Within the records below, reproduce without change the lines from the line that has "Una cabana de" through the line that has "Junger hispanic-Mann Apotheker", and only those.

Start of Material for this exercise

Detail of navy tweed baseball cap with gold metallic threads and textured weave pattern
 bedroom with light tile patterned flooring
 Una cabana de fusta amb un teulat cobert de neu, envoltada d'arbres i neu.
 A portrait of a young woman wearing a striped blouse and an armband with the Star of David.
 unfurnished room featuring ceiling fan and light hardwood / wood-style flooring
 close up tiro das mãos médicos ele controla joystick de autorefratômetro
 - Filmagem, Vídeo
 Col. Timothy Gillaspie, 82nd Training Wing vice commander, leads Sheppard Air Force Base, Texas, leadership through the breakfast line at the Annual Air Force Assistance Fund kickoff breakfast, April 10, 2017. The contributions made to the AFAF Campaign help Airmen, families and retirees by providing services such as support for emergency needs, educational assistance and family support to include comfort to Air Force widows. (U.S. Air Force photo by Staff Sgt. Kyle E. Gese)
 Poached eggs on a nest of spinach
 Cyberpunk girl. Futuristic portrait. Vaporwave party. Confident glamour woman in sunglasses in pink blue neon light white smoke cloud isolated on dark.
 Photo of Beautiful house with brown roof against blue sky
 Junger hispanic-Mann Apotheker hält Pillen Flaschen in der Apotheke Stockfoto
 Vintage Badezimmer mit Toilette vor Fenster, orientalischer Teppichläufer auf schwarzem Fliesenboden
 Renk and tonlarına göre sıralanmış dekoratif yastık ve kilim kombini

End of Material for this exercise

**Response to the task**
 Una cabana de fusta amb un teulat cobert de neu, envoltada d'arbres i neu.
 A portrait of a young woman wearing a striped blouse and an armband with the Star of David.
 unfurnished room featuring ceiling fan and light hardwood / wood-style flooring
 close up tiro das mãos médicos ele controla joystick de autorefratômetro
 - Filmagem, Vídeo
 Col. Timothy Gillaspie, 82nd Training Wing vice commander, leads Sheppard Air Force Base, Texas, leadership through the breakfast line at the Annual Air Force Assistance Fund kickoff breakfast, April 10, 2017. The contributions made to the AFAF Campaign help Airmen, families and retirees by providing services such as support for emergency needs, educational assistance and family support to include comfort to Air Force widows. (U.S. Air Force photo by Staff Sgt. Kyle E. Gese)
 Poached eggs on a nest of spinach
 Cyberpunk girl. Futuristic portrait. Vaporwave party. Confident glamour woman in sunglasses in pink blue neon light white smoke cloud isolated on dark.
 Photo of Beautiful house with brown roof against blue sky
 Junger hispanic-Mann Apotheker hält Pillen Flaschen in der Apotheke Stockfoto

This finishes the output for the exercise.